Running a Mac Mini (10.5.3) with an external Iomega hard drive connected via USB.

The hard drive has been formatted and assigned to Time Machine and backup works OK.

The problem I have is that whenever I restart/reboot the Mac Mini, the Iomega drive is no longer recognized/mounted by my system (no icon on desktop). The Iomega drive stays running since it has its own power switch. I need to power it down and then power up for it to be recognized again by OS X whenever I restart.

Why do I need to do this and is there any way that I can avoid having to power on and off to have the disk recognized ?

Any help/ideas would be gratefully appreciated !


----------



## VirtualTracy (Aug 8, 2008)

When you write that after a restart/reboot the ext drive is not recognised/mounted, have you looked in Disc Utility to see whether the drive is recognised even tho' there is no icon on your Desktop ....

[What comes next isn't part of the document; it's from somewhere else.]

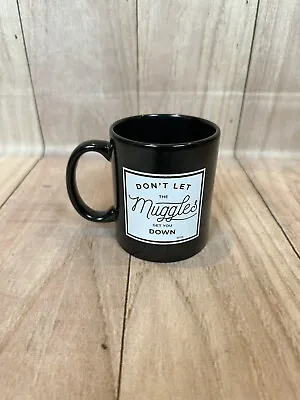 Harry Potter Mug Cup By Typo - Black  Don't Let The Muggles Get You Down   • $21.24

I say that because there might be no need to power the drive down/up again ... I'm curious to know about the Disc Utility thing first ...


----------



## thylacine (Aug 8, 2008)

Thanks for your posting...

Bit of a Mac newbie (but after years of Microsoft it's nice to have a grown up operating system !!) so didn't go automatically to the Disk Utility.

Have now restarted and the disk icon did not appear on the desktop and also *DOES NOT* show in the disk utility when I reboot.

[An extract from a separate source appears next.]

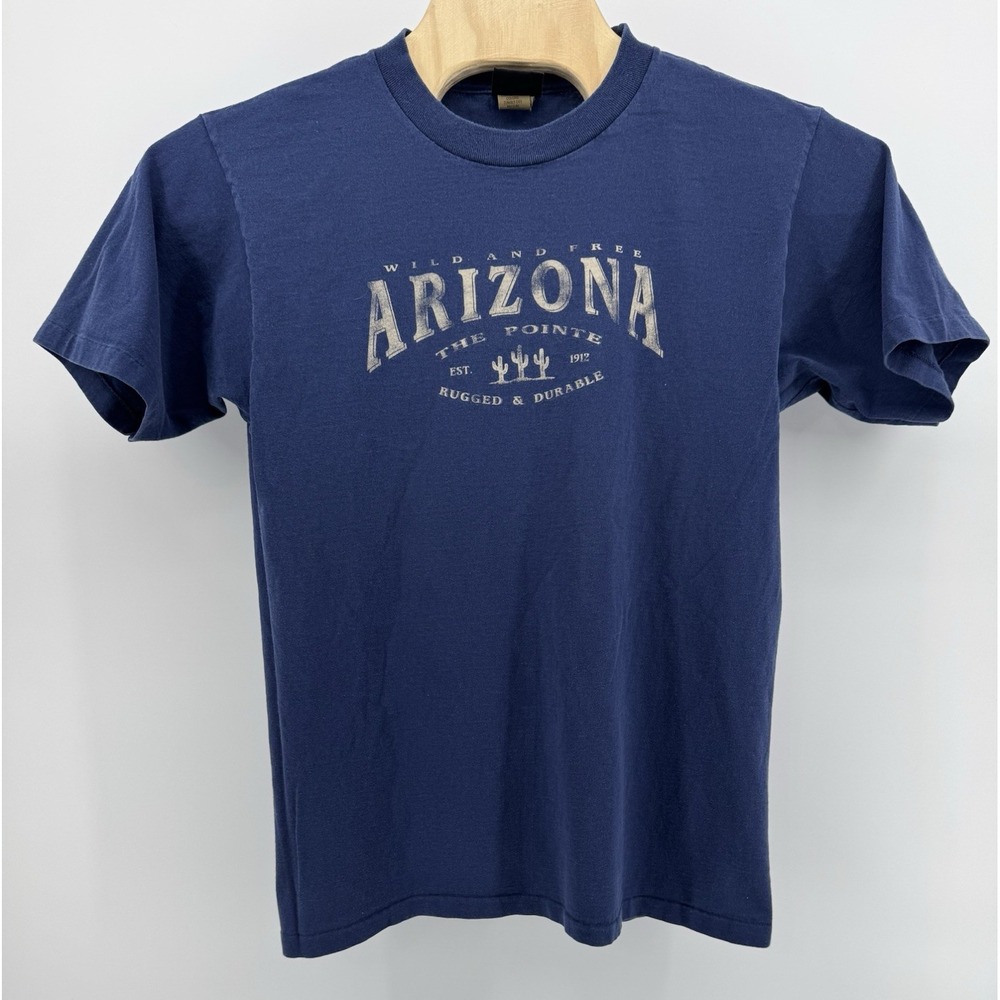 Vintage 90s Wild & Free Arizona The Pointe T-Shirt Size L USA Made Single Stitch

If I flick the power switch then the disk appears in Disk Utility.

What can I do to have the disk permanently recognized ?


----------



## VirtualTracy (Aug 8, 2008)

I've seen a workaround that required creating an Automator Application to:

_get the specific server (afp://10.0.1.1:548)
connect to the specific server_

You then need to add this application as a Login Item and the ext TM drive should mount each reboot.

BTW, how often do you reboot your Mac?  I leave mine running in one state or another pretty much 24/7.

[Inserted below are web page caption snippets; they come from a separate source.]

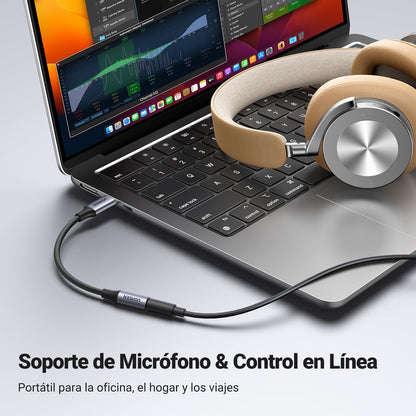 מתאם אוזניות UGREEN USB-C ל-3.5 מ״מ עם DAC – תמונה 6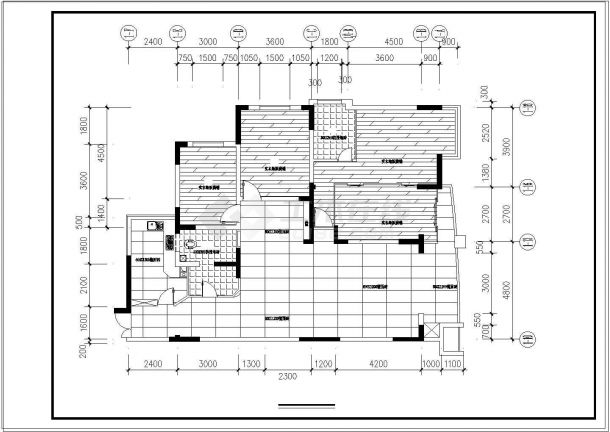 简约风格三居装修施工图（含实景照片）-图一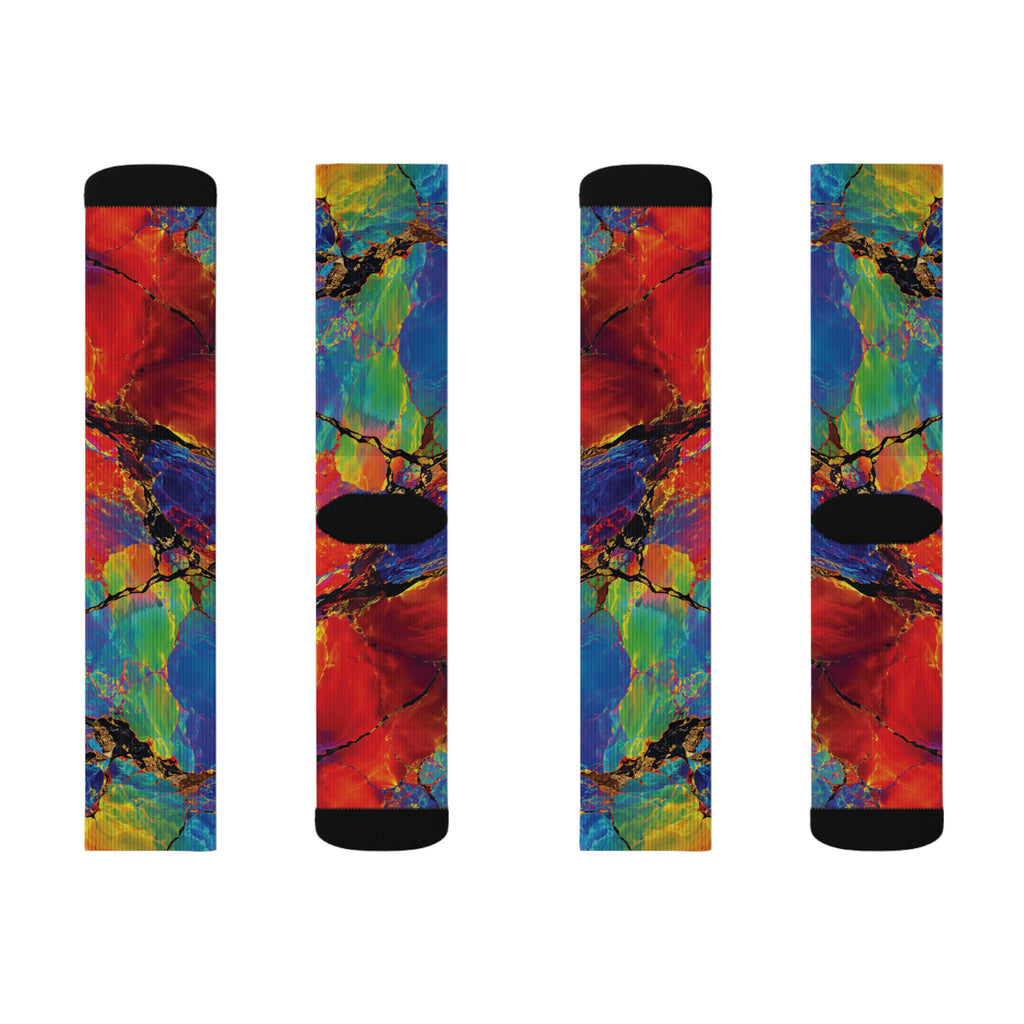 Socks, The Coolest Vibrant Art Crew Socks in Town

Apparantly, the iomega hd is one that seems to have this issue, according to *this*.

.


----------



## thylacine (Aug 8, 2008)

Yeah... I leave my Mac up most of the time so this is just a niggling problem that occurs every now and again ! I haven't got my head fully around securing/hardening my Mac and also we get some electrical storms so sometimes I take the thing down so it doesn't get zapped or hacked !!! When I think I've got it secure will leave it running.

I understand the concept of using Automator and creating a startup app but I can't AFP to a localhost ! What about a mount shell script ? Is there another way to do this or am I  missing something with AFP ? Of course the external disk drive will have my local IP address.


----------